Global markets have rallied in response to a deal in the United States to avert its so-called fiscal cliff.
The market boost came after US Democrats and Republicans finally agreed a deal that will stop hundreds of billions of dollars in automatic tax increases and spending cuts that risked plunging the world's biggest economy into recession.
Stocks around the world started 2013 with hefty gains as investors welcomed the vote in the House of Representatives.
Key European markets were up between 2.19% to 3.81%, while in Asia Hong Kong's Hang Seng index shot up 2.9% at the close - its highest finish since June 1, 2011.
In New York, the Dow Jones Industrial Average ended 2.4% higher.
"Investors are trading with a sense of relief after lawmakers in Washington agreed on a compromise to avoid the fiscal cliff that has been the dominant theme in equity markets since the presidential elections back in November (Xetra: A0Z24E - news) ," Mike McCudden, head of derivatives at stockbroker Interactive Investor, said.

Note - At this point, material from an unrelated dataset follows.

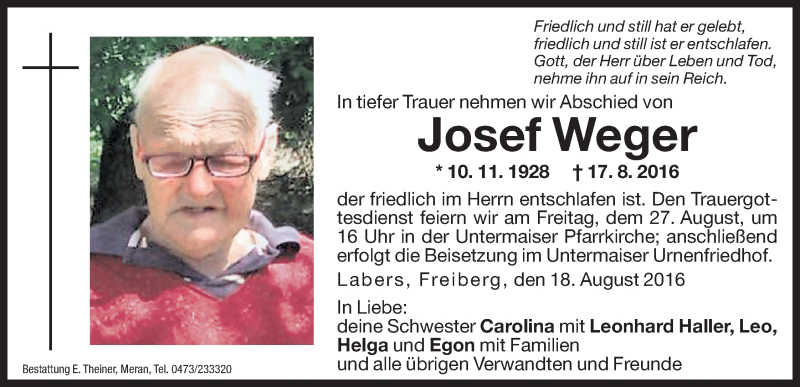  Traueranzeige für Josef Weger vom 24.08.2016 aus Dolomiten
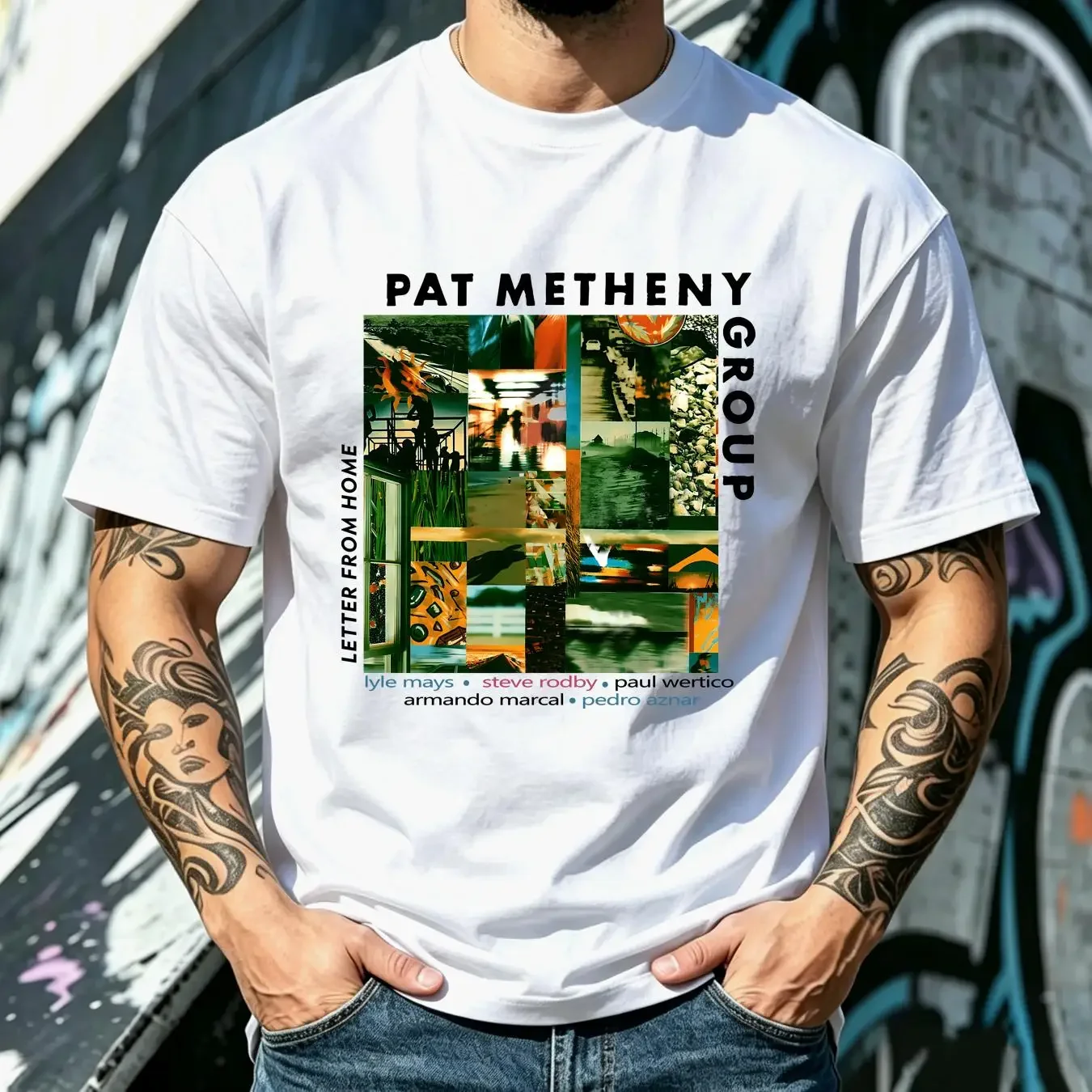 washed T Shirt Vtg Pat Metheny Music Tour Heavy Cotton White vintage Washed Stretched Unisex Stylish Comfortable Soft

The fiscal cliff deal is likely to remain the focus of attention in financial markets, as US institutions open for trading.
Mr Obama welcomed the agreement and said it was just one step in a broader effort to strengthen the economy.
He said: "Thanks to the votes of Republicans and Democrats in Congress I will sign a law that raises taxes on the wealthiest 2% of Americans while preventing tax hikes that could have sent the economy back into recession."
Some House Republicans had wanted to amend the bill to incorporate more spending cuts but dropped the idea.
In the end, 172 Democrats and 85 Republicans voted in favour of the bill, which marks a triumph for the president less than two months after he secured re-election while campaigning for higher taxes on the wealthy.
The legislation cleared the Senate hours after Vice President Joe Biden and Senate Republican Leader Mitch McConnell, veteran negotiators, sealed the deal.
The fiscal cliff deadline would have triggered tax increases of $536bn (£328bn) and spending cuts of $109bn (£67bn) from domestic and military programmes.
The compromise Senate deal extends the tax cuts for Americans earning under $400,000 (£246,000) - up from the $250,000 (£153,000) level that Democrats had originally sought.
But longer-term fiscal problems remain and Mr Obama will likely face more battles with the Republican-dominated House of Representatives.
"And Republicans will be looking to make progress on the spending cuts that haven't featured in the New Year deal."